━━━━━ Exercise data ━━━━━
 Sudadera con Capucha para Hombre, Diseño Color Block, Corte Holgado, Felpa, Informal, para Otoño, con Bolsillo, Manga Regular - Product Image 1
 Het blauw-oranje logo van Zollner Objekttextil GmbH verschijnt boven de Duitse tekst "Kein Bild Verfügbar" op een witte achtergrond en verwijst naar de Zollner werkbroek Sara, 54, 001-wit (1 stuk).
━━━━━
━━━━━ Exercise data ━━━━━
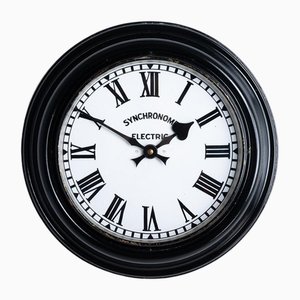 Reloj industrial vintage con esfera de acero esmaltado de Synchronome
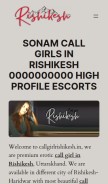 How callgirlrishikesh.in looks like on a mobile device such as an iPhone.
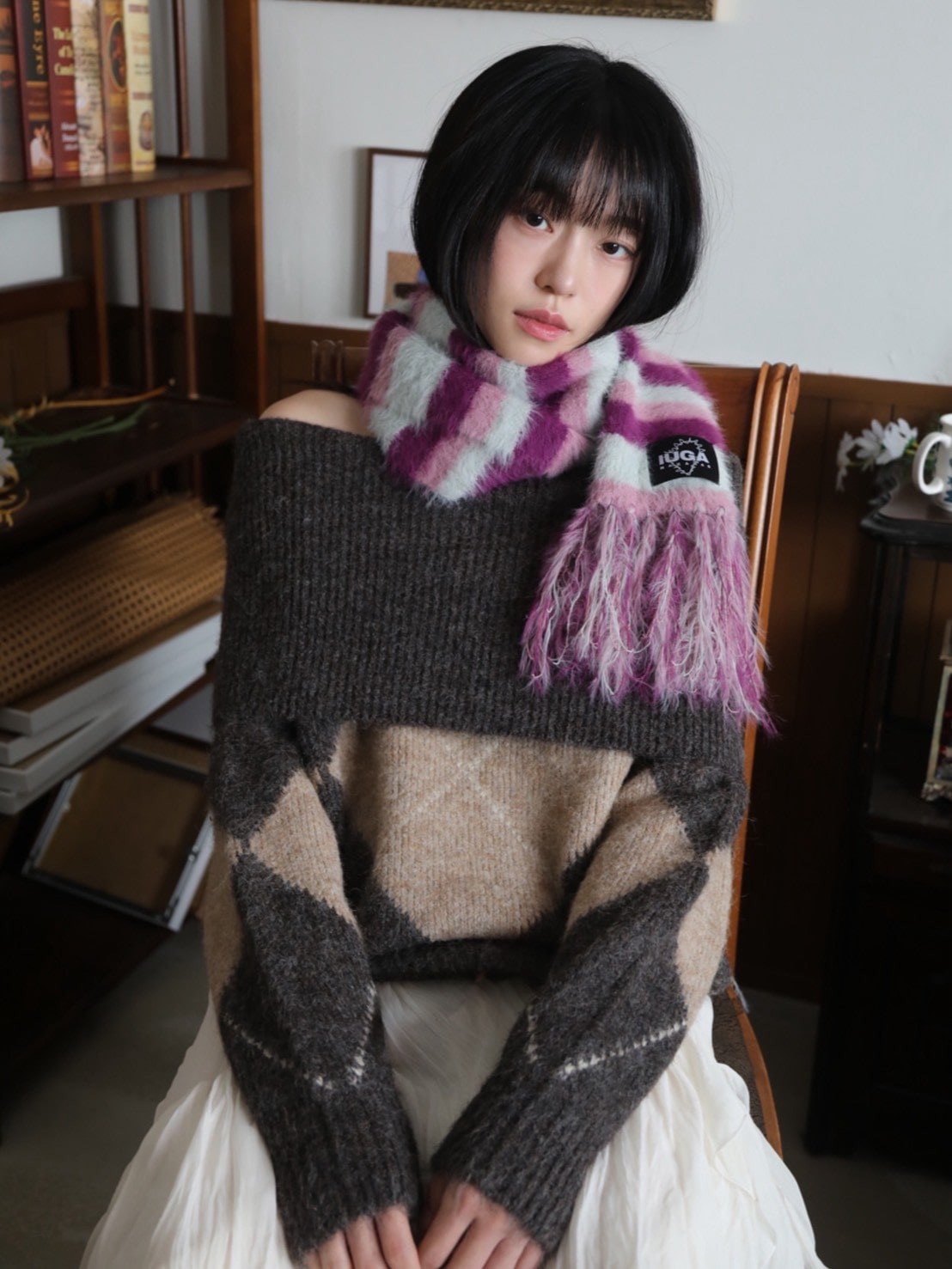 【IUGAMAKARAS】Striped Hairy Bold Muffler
━━━━━
Prompt:
Please copy the lines in the records above between the one holding "Sudadera con Capucha" and the one holding "Het blauw-oranje logo", inclusive, exactly and with no other line.

Result of this exercise:
 Sudadera con Capucha para Hombre, Diseño Color Block, Corte Holgado, Felpa, Informal, para Otoño, con Bolsillo, Manga Regular - Product Image 1
 Het blauw-oranje logo van Zollner Objekttextil GmbH verschijnt boven de Duitse tekst "Kein Bild Verfügbar" op een witte achtergrond en verwijst naar de Zollner werkbroek Sara, 54, 001-wit (1 stuk).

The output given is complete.